Desumanização é o ponto. Onde foram parar os “médicos das famílias”? Aqueles que acompanhavam todos os membros da família em qualquer problema de saúde que os afligisse. Médico de família hoje é tratado como o “médico do posto”, que, diga-se de passagem, recebem uma formação especializada em Medicina de Família e Comunidade e são preparados para lidar não só com os pacientes, mas com conflitos e problemas de famílias e comunidades. E, apesar disso, são excessivamente menosprezados pela maioria dos pacientes assistidos. Médico bom é o que cobra caro pela consulta, fala difícil, ao ponto que o paciente, parte mais interessada nas explicações, não entende o que se diz; atende em lugares elegantes e se apresenta de forma “superior” aos demais.
Num passado não muito distante, a relação entre o médico e os pacientes e suas famílias era respeitosa, cordial, amistosa. Com o avanço da tecnologia, com a pressa por adquirir bens materiais, tornou-se mais confortável e rápido submeter os pacientes a exames sofisticados que diminuem a atuação médica.

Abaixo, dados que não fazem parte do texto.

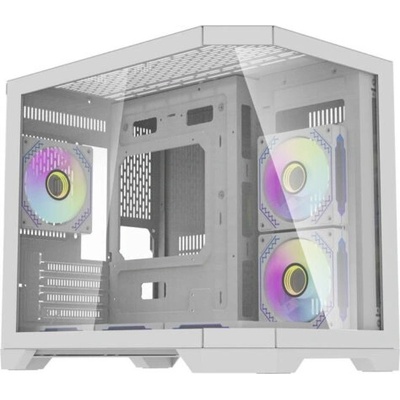 darkFlash FT418 + 6 ARGB fans White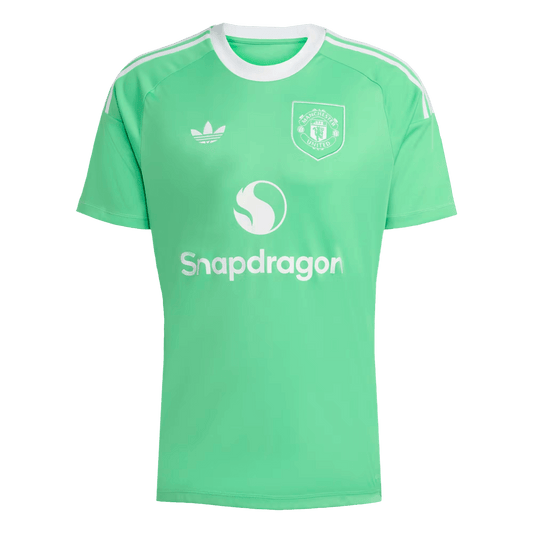 Manchester United Goalkeeper Soccer Jersey 2025/26 Green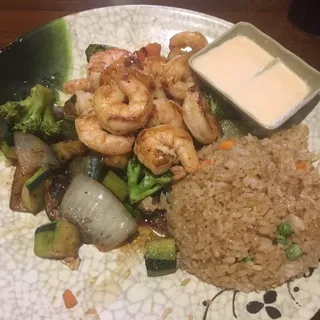 Shrimp Hibachi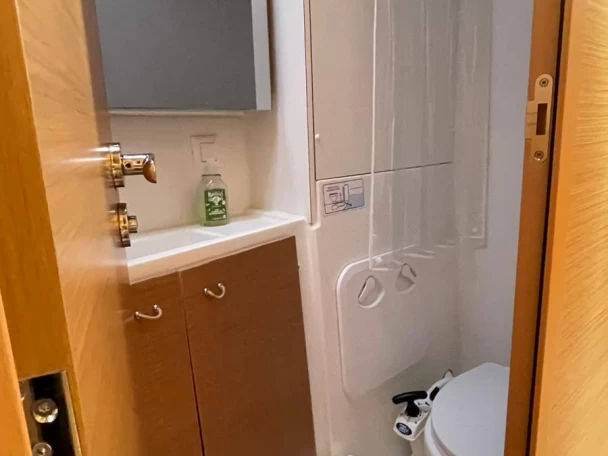 Bareboat Rental Catamaran Excess with a boat licence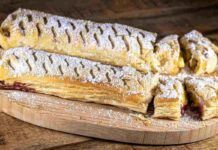 Strudel con crema e marmellata 28052023 ricettasprint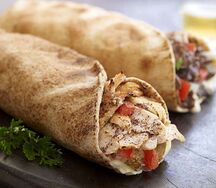 Chawarma tout en porc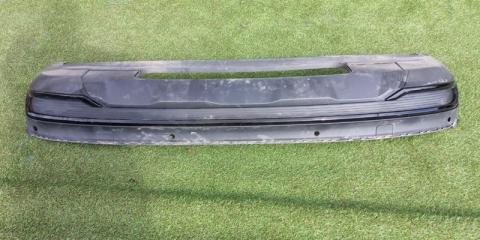 Накладка на бампер задняя AUDI Q7 2019- Б/У Накладка на бампер задняя AUDI Q7 2019-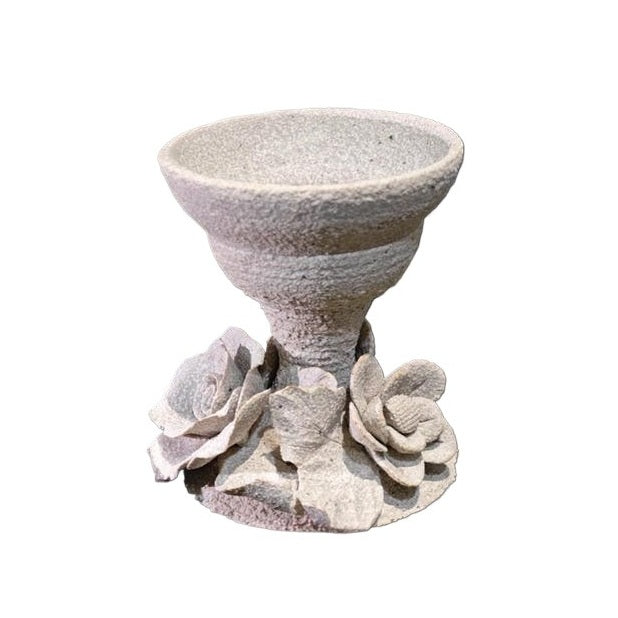 handmade ceramic pearl candle holder moyoungUS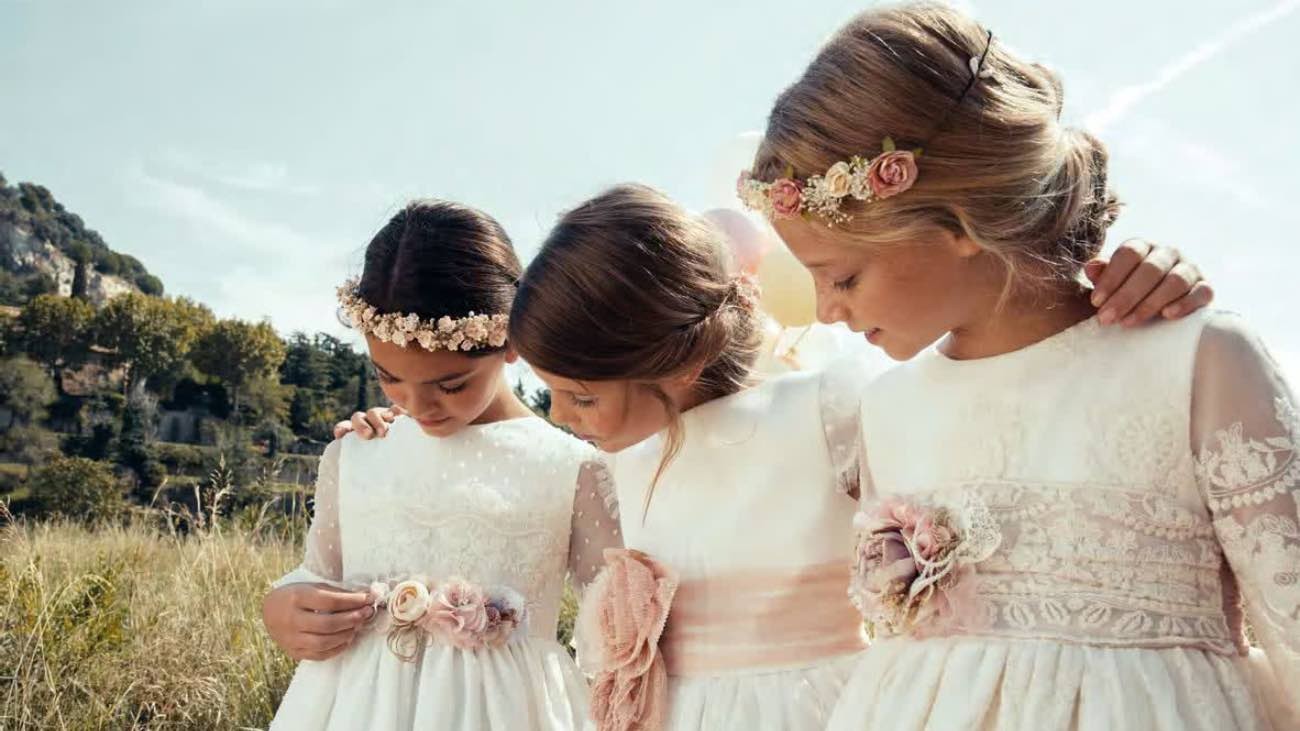 Mejores regalos de comunión niñas vestidas de comunión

Anamnese leva tempo, conversar é chato, pacientes reclamam muito e, por isso, os médicos tornaram-se impacientes. Será?
A solicitação de exames mirabolantes lembra uma frase bem interessante e aplicada à medicina: “Quem não sabe o que busca, não identifica o que acha” (Immanuel Kant).
Um estudo feito na Inglaterra demostrou que 75% das informações que levam a um diagnóstico correto provêm de uma história médica detalhada, ou seja, de uma anamnese bem realizada, 10% do exame físico, 5% de algum simples exame de rotina, 5% de exames caríssimos e invasivos e 5% sem esclarecimento. Imaginem a importância de se estar disponível para atender e ouvir seu paciente! Daí a “arte” de se aproximar e extrair o máximo de informações de seu paciente para conseguir utilizar de todos os conhecimentos que a “ciência” lhe oferece. A obrigação do médico, no exercício profissional que lhe compete, é estabelecer uma interação com o paciente, uma relação de confiança, independentemente do local onde está trabalhando e do tipo de paciente que está atendendo.
Às vezes é necessário desarmar o paciente, que pode se apresentar agressivo, aborrecido, com medo, ou até mesmo desacreditado por já ter procurado diversos profissionais que não souberam ouvi-lo e respeitá-lo. Atender significa oferecer assistência, demonstrar disponibilidade para ouvir…
Onde está a arte de curar?
Para exercer a arte da medicina e aplicar a ciência em prol do ser humano, que necessita de assistência, é preciso gostar de “gente”. É preciso saber que não existem doenças, mas sim doentes. É necessário resgatar o “médico das famílias” com todas as qualidades da assistência humanizada, individualizada, contextualizada e digna. É preciso sensibilidade para entender e sentir a angústia do doente. Parece poético, mas é nesse contexto que repousam as bases humanísticas de todos os profissionais que atuam na área da saúde.
Em contrapartida ao constante impulso de aceleração na sociedade moderna e na medicina, de forma geral, o cardiologista italiano Alberto Dolara, descreveu o surgimento da “slow medicine”, a medicina sem pressa, ou seja, uma abordagem mais ponderada e cautelosa nos cuidados médicos com pacientes nas mais diversas condições e situações. Essa abordagem partiu da afirmação de que os problemas de saúde vão além das questões organizacionais e são também, emocionais, familiares, econômicos e requerem dos profissionais de saúde tempo, capacidade de ouvir e reflexão crítica, envolvimento, buscando sempre a prática baseada em evidências e informações atualizadas. Importantíssimo! Mas, onde está a novidade?
A iniciativa é excelente. Deve ser propagada. Mas no fim das contas, o importante é resgatar a arte de curar, de cuidar, de atender e de assistir pessoas utilizando os conhecimentos das ciências médicas.
Drª Marina Matos de Moura Faíco
Médica Ginecologista e Obstetra no CASU e Prefeitura Municipal de Caratinga/MG, Mestre e Doutora em Fisiologia pela UFMG, Professora e Pesquisadora do UNEC.